|Only hard rain will deter the ohanami party|
|Ise City has 1,000 cherry trees|
along the Miyagawa River
There are some amazing national spots to see the explosion of color, but almost every part of Japan has a particularly beautiful area -- usually a park -- with a lovely grouping of cherry trees. And under these trees you will find groups of people sitting and laying on blue tarps, drinking and eating.
It's ohanami or cherry blossom viewing party. And IMHO, the best dang party of the year.
|Note the blue tarps|
Families will stroll under the trees and picnic. Night viewing with hanging lanterns or spotlights are popular. But what will catch your attention is the insane revelry of the company party. Office workers, still partially clad in suits, get hammered on warm canned beer, sake, and whatever other liquor someone brings. Earlier in the afternoon, the company sends out their junior workers to stake a claim under a tree with tarps, portable grills, coolers of food, and cases of beer. Workers leave the office at a reasonable hour or even early (unusual for Japan) and head to the spot. Then the real partying begins.
|This is some of the craziness that|
happens at Ohanami parties.
Once we had children, my husband and I had to chill on the ohanami parties. We chose more family-friendly picnicking but still brought the tarp, portable grill, cooler of food and beer. Back in the U.S., we live in a city in Georgia that has quite a few cherry trees, including a neighbor's that hangs over our fence in our backyard. Having an ohanami party is still a must, although we tend to eat at our patio table and stare at the tree from afar instead of putting the tarp under the tree.
This year hubby made yakitori (skewered grilled chicken), aspara-bacon (grilled bacon wrapped asparagus) and tomato-bacon (grilled bacon wrapped cherry tomato).
Dudes, you so have to make this. Especially now that we're entering prime grilling season.
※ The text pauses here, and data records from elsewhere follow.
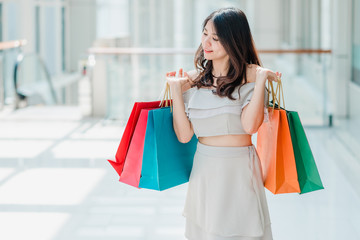 Happy woman holding colorful shopping bags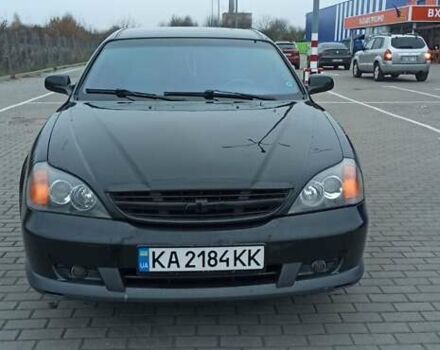 Черный Шевроле Эванда, объемом двигателя 2.49 л и пробегом 298 тыс. км за 3999 $, фото 2 на Automoto.ua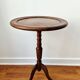 Small tripod wooden table with a vintage round top -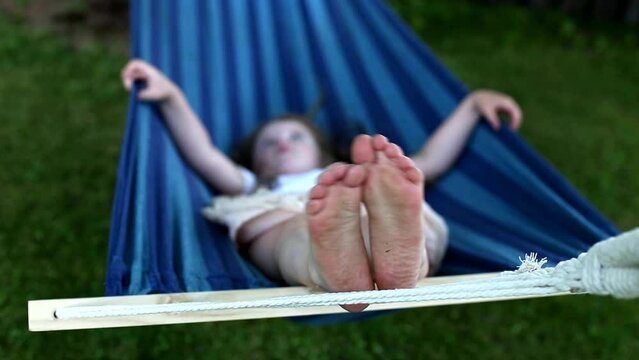 closeup of little girl's feet relaxing in the blue hammock during her summer vacation in the back yard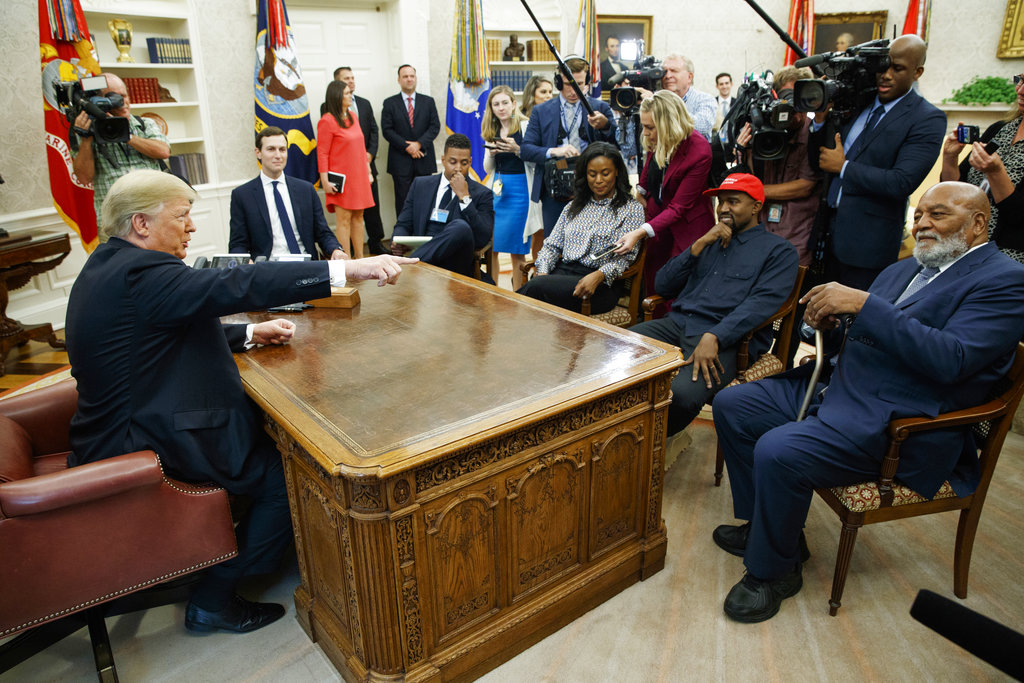 Trump gestures at former football player Jim Brown in the Oval Office on Thursday.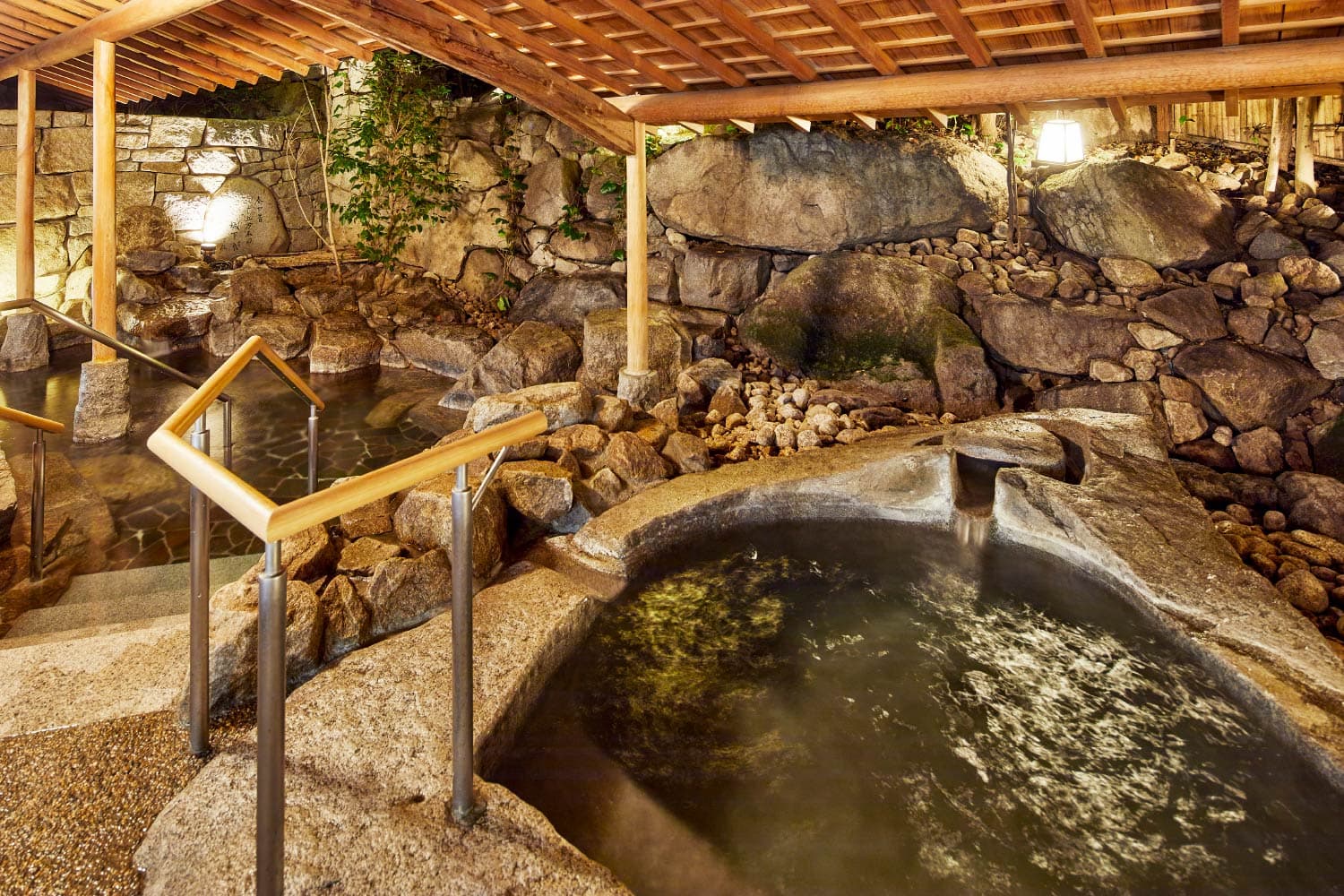 A Communal Bath of Cypress and Stone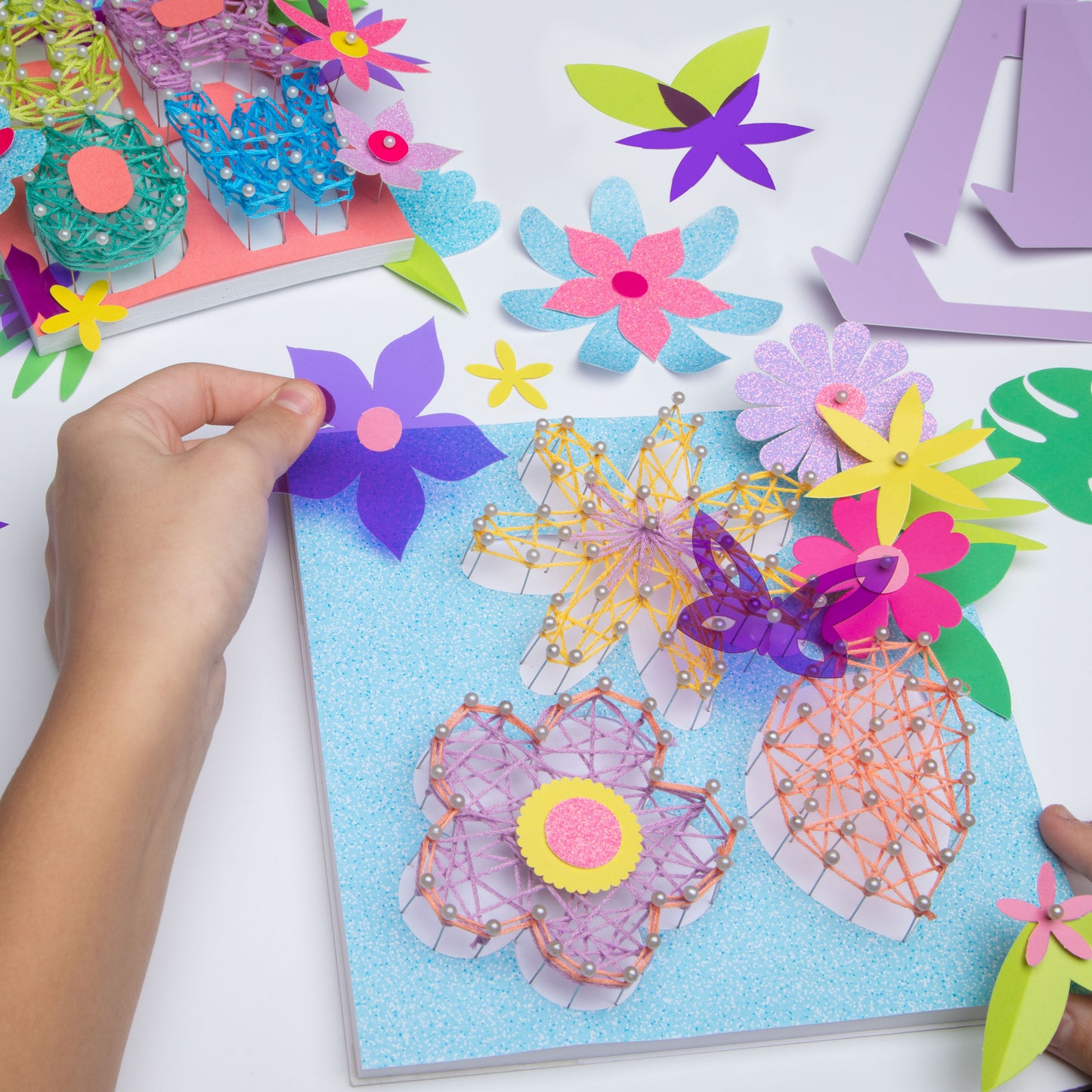 Child's hand holding a purple flower over the flower string art as they decide where to place.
Shizuoka Gourmet has a nice post on the basics of yakitori. Bento.com has a list of all the different types of yakitori you can get at a true yakitori restaurant. I'm offering a basic recipe of what many Americans might call terikyaki grilled chicken.
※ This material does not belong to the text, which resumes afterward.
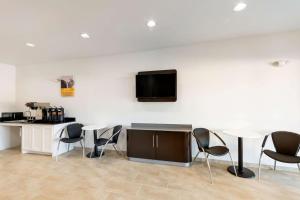 a room with tables and chairs and a tv on the wall at Motel 6-Channelview, TX in Channelview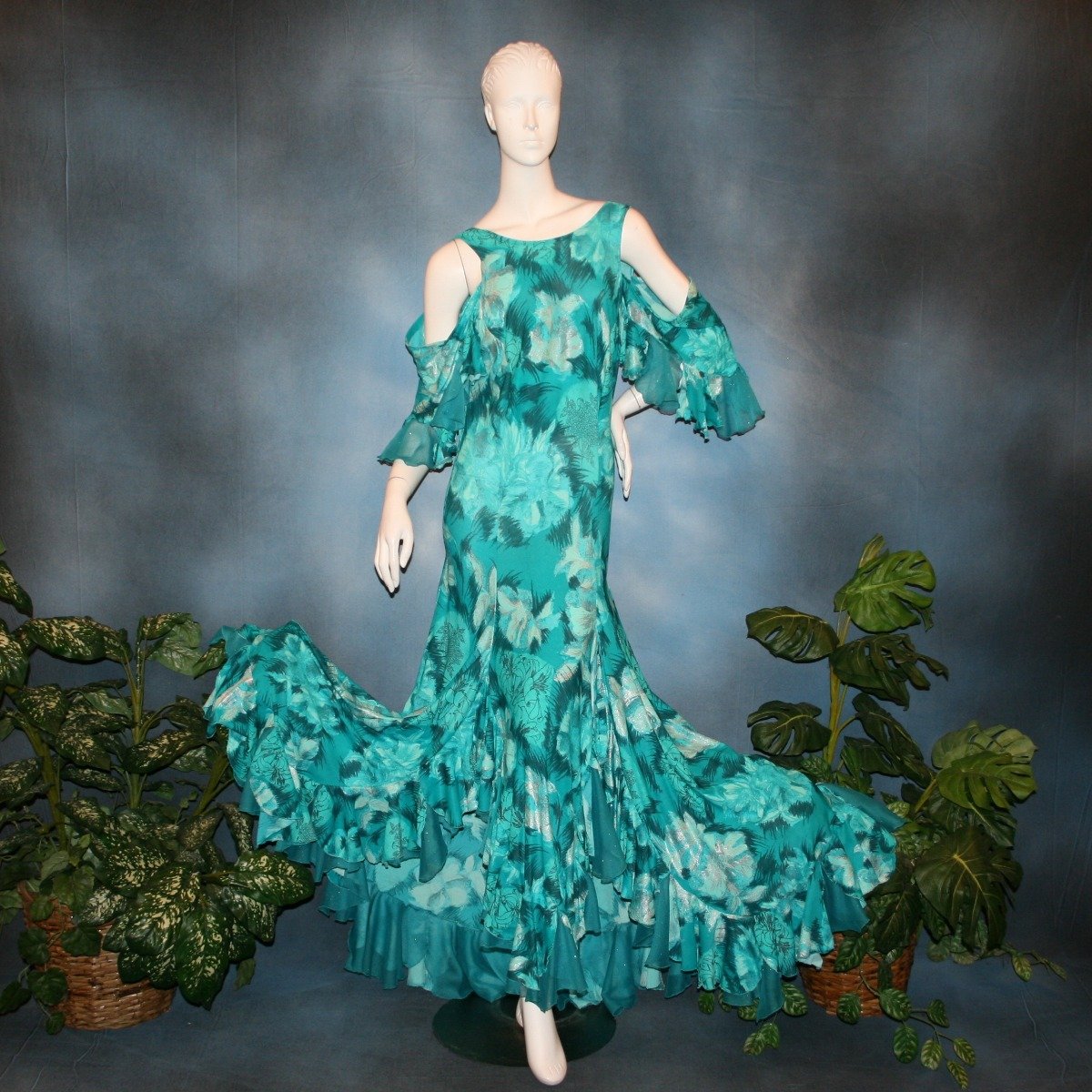 Gorgeous teal tropical print social ballroom dress created in tropical lycra print in shades of teal with a bit of silver sheen accents...absolutely gorgeous fabric! This social ballroom dress features very full skirting with 2 slits & oodles of flounces of the same teal tropical print lycra with intermittent flounces of teal glitter chiffon...along with draping, cold shoulder flounce sleeves...and a low back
|Festival yakitori in Japan|
Chicken thigh (about 3 lbs), skinned and boned
2 bundles of green onion (white part only), if you like onion
1/3 c mirin (sweet rice wine for cooking, you can substitute cooking sherry)
2 T soy sauce
1/2 t minced fresh ginger (we use ginger paste, works nicely)
1 clove minced or pressed garlic
bamboo skewers soaked in water (so they don't burn)
Cut chicken into about 1 inch pieces, making certain the pieces are roughly the same size. If you're using onion, cut them into 1 1/4 inch lengths. The chicken will shrink.
Mix the marinade and soak the chicken. Some recipes will have you thread the chicken on the skewers and brush the marinade on while it's cooking. You can do it either way. Marinating is easier and you get a stronger sauce flavor. You know how I feel. It's your kitchen. Whatever.
Skewer the chicken alternating with the green onion if you're using the onion.
Grill the skewered chicken on a grill or broiler. Cook, turning once, until meat is no longer pink inside.
Aspara-Bacon and Tomato-Bacon
Rinse the vegetables. Wrap a 1/2 piece of bacon around each veg.
For the asparagus use 2 skewers and thread about 4 aspara-bacon horizontally (will look like a ladder).
Use bacon wrapped cherry tomatoes (grape tomatoes are too small, others are too big) and thread them on one skewer.
Grill or broil for about 15 minutes until bacon is crisp.